Required action: Find the line with "Recambio de luz" in the records below. Copy it and every line after it, up to and including the line with "984 Logo Marc".
====== Entries shown
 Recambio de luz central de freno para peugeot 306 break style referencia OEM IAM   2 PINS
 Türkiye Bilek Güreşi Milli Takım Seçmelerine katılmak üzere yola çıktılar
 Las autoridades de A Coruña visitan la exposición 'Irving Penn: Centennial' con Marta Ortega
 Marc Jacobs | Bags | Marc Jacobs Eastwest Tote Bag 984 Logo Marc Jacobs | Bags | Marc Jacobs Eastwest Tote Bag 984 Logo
============
====== Entries shown
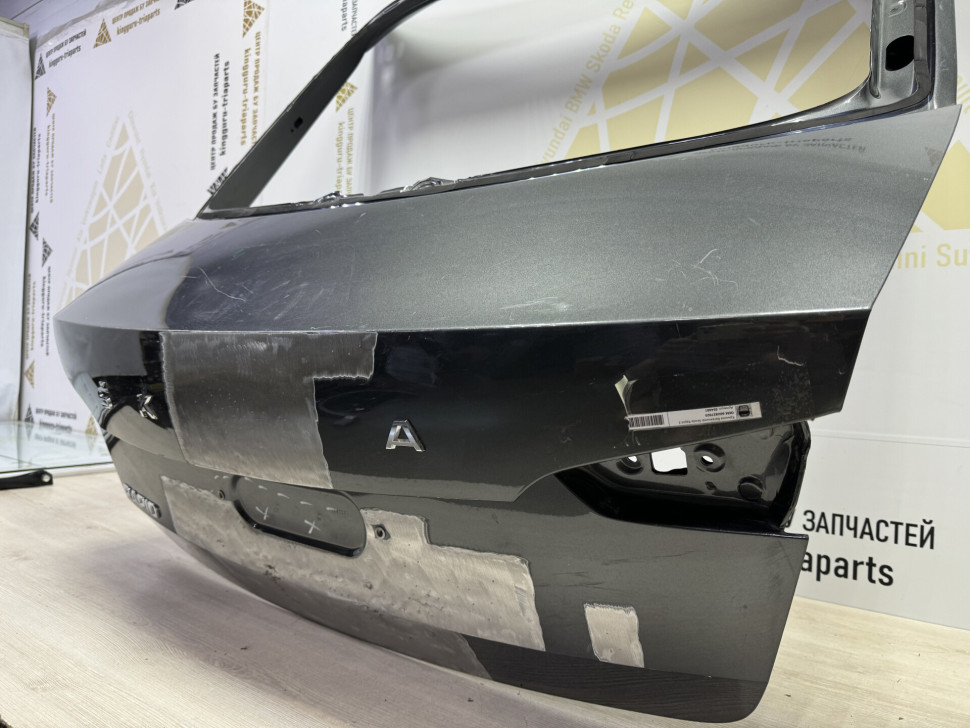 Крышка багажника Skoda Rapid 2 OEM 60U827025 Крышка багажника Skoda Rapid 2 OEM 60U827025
============
Response box:
 Recambio de luz central de freno para peugeot 306 break style referencia OEM IAM   2 PINS
 Türkiye Bilek Güreşi Milli Takım Seçmelerine katılmak üzere yola çıktılar
 Las autoridades de A Coruña visitan la exposición 'Irving Penn: Centennial' con Marta Ortega
 Marc Jacobs | Bags | Marc Jacobs Eastwest Tote Bag 984 Logo Marc Jacobs | Bags | Marc Jacobs Eastwest Tote Bag 984 Logo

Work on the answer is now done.